She pronounces this “vnuchek” with particular tenderness. The sound “ch” she makes in the middle doesn’t chirp like it does for others. But it is softer, with a bit of indistinct sadness to it.
“Gran, if the grain was rotting, why didn’t they give it away to the people?”
“Who can figure them out, these country leaders?” Grandma quickly turns away and wipes away a particularly vivid memory from her eyes.
“We had this neighbor. They called him Kolya. The guy became completely desperate. One night he crept to the church and managed to sneak himself two handfuls of grain through a mouse hole. Just as he carefully poured the grain into his pockets, suddenly–bright lights, screaming. They grabbed him and drove him off to another region for court and sent him off somewhere far away for eight years.”
“For what?” I scoop up borscht with a spoon, but I don’t eat it. As if my conscience doesn’t allow it when others are hungry. Even if it’s in a story.
“For wanting to save his family from starving to death.”
“But is that really a crime?” Bitterness at the injustice swells in me.
“If someone from the top has planned this death, then any resistance to this plan will result in a punishment more severe than that of the most terrible theft or murder.”
“Does it have to be this way?”
“No, it doesn’t,” Grandma sits down on the chair next to me. “But it’s how it was.
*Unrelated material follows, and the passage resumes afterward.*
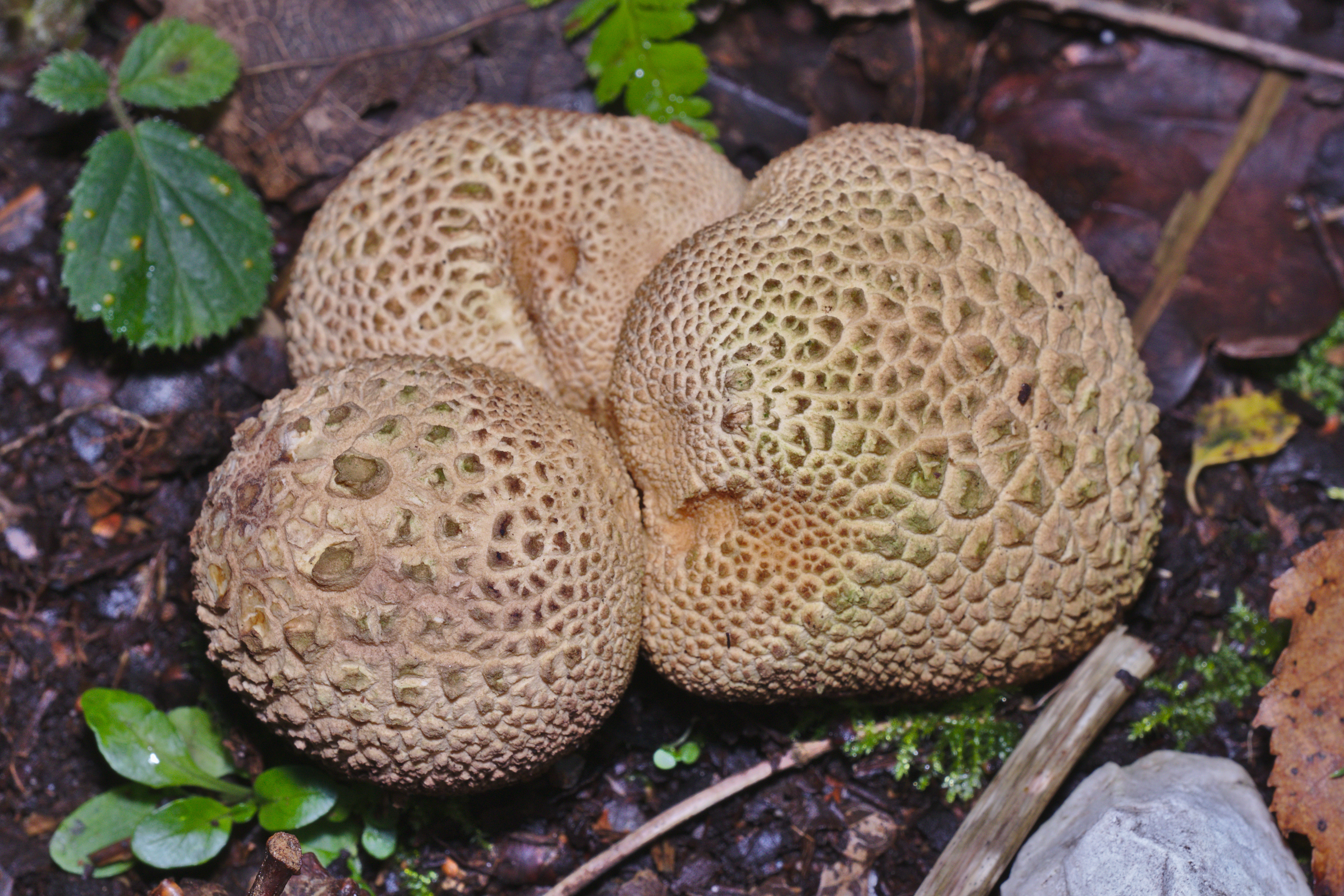 Common Earthball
And we survived it.”
“But how?” I don’t let up.
“In our family, I was the oldest,” Grandmother looks me straight in the eyes and I let myself plunge into her inexhaustible pain. “I had to go to work and school. But I didn’t go to school to learn. They gave out food there–a crust of bread. But I wouldn’t eat it–I’d take it home. My mom would crumble it up into the pot, pour water over it, add to the stew anything she could find around–some grain, or roots. And then she spent a long time conjuring over this brew, simmering over a low fire, and served it on the table in the evening.”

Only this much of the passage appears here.